[Dataset records]

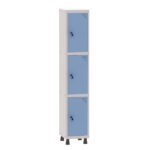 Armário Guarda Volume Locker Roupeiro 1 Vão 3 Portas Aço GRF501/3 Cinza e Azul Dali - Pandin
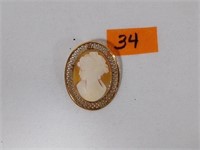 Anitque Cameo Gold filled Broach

[/Dataset records]
[Dataset records]

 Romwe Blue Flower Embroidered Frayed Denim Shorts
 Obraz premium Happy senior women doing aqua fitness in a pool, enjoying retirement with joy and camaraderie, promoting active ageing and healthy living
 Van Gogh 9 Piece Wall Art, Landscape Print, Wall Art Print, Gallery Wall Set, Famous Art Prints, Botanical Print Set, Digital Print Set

[/Dataset records]
[Dataset records]

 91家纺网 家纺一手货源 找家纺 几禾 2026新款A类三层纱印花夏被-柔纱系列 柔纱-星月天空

[/Dataset records]

**Required work**:
Take the records above and return, word for word, only the lines that fall from the line with "Romwe Blue Flower" to the line with "Van Gogh 9 Piece", both of them included.

**Finished exercise**:
 Romwe Blue Flower Embroidered Frayed Denim Shorts
 Obraz premium Happy senior women doing aqua fitness in a pool, enjoying retirement with joy and camaraderie, promoting active ageing and healthy living
 Van Gogh 9 Piece Wall Art, Landscape Print, Wall Art Print, Gallery Wall Set, Famous Art Prints, Botanical Print Set, Digital Print Set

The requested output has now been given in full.